O grande projeto político é a capitalização dos votos, em sistemas históricos de exploração, herdados do clientelismo, travestido em política inclusiva. Associações, sindicatos, ONGs e coletivos diversos integram um engendrado sistema de captação de recursos, construídos em representações de cargos políticos, para disputar editais forjados, processos seletivos escamoteados, contratação de consultorias técnicas, empregos/cargos arranjados por indicação, num sistema de controle total dos recursos.

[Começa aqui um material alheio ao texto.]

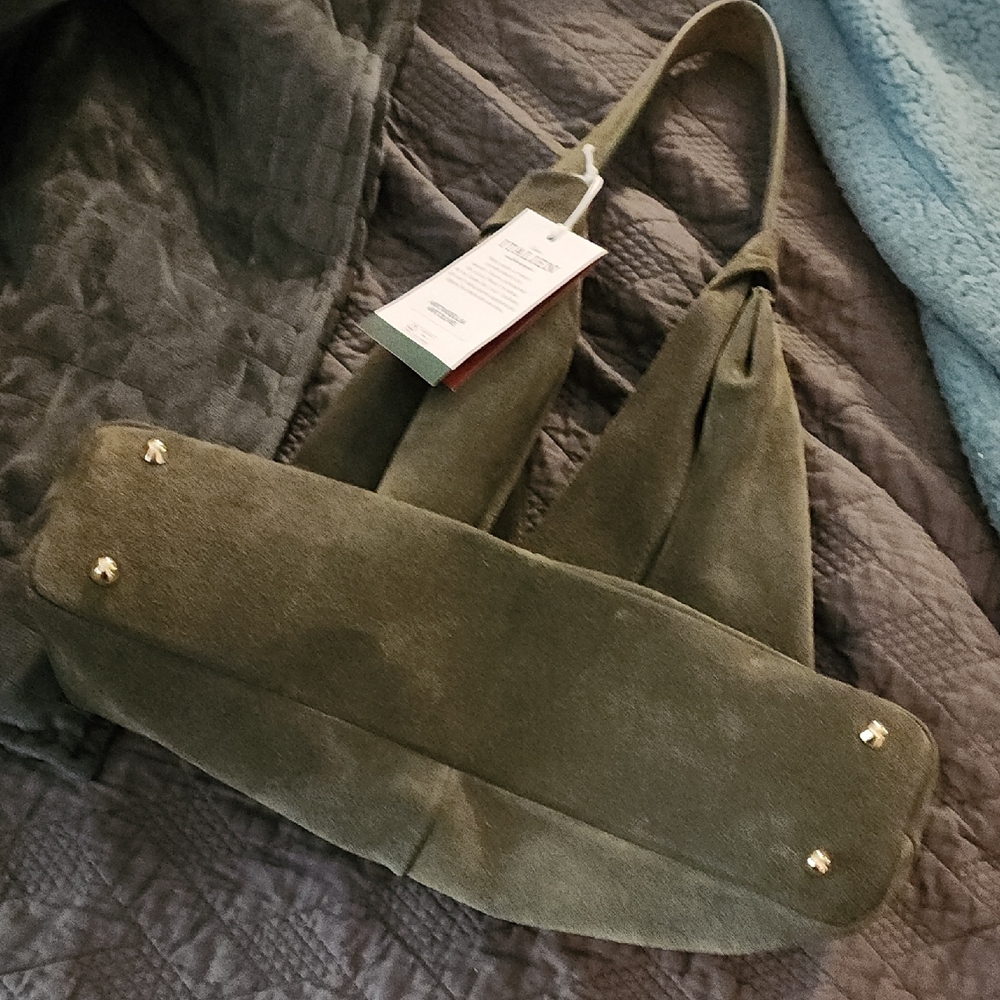Anna Paola Olive Green Versatile Shoulder Bag with Minimalist Design Suede - Picture 16 of 16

O uso da água como moeda de troca é histórico. A capitalização política da miséria nordestina foi exposta por Josué de Castro como “Nordeste inventado”, na obra Geografia da Fome (Castro, 1984). Ao inserirmos a discussão sobre o acesso à água e outros direitos básicos não assegurados, a Bahia, por exemplo, se destaca entre os menores índices de IDH (Índice de Desenvolvimento Humano).
Manifestações populares de peso como a mobilização contra projeto de transposição das águas do Rio São Francisco, apoiada por ambientalistas, jornalistas, ribeirinhos, parlamentares, estudantes, igreja e representações comunitárias diversas, vindas em romarias, de todo o Brasil, em outubro de 2005, chamaram atenção internacional sobre o valor e importância da água nas comunidades historicamente excluídas desse direito.
O paradoxo entre o que se diz e que está sendo feito como discurso político empresarial e a realidade apresentada pela falta da ação concreta, in loco, não interessa detalhar, investigar e punir, para não se repetir. É nesse cenário que o sofrimento do nordestino vira tese de mestrado, doutorado, roteiro de filme, peças teatrais, letra de música, enredo de escola de samba, livros, onde a estética está mais para capitalizar a dor do que para encontrar saídas de fato.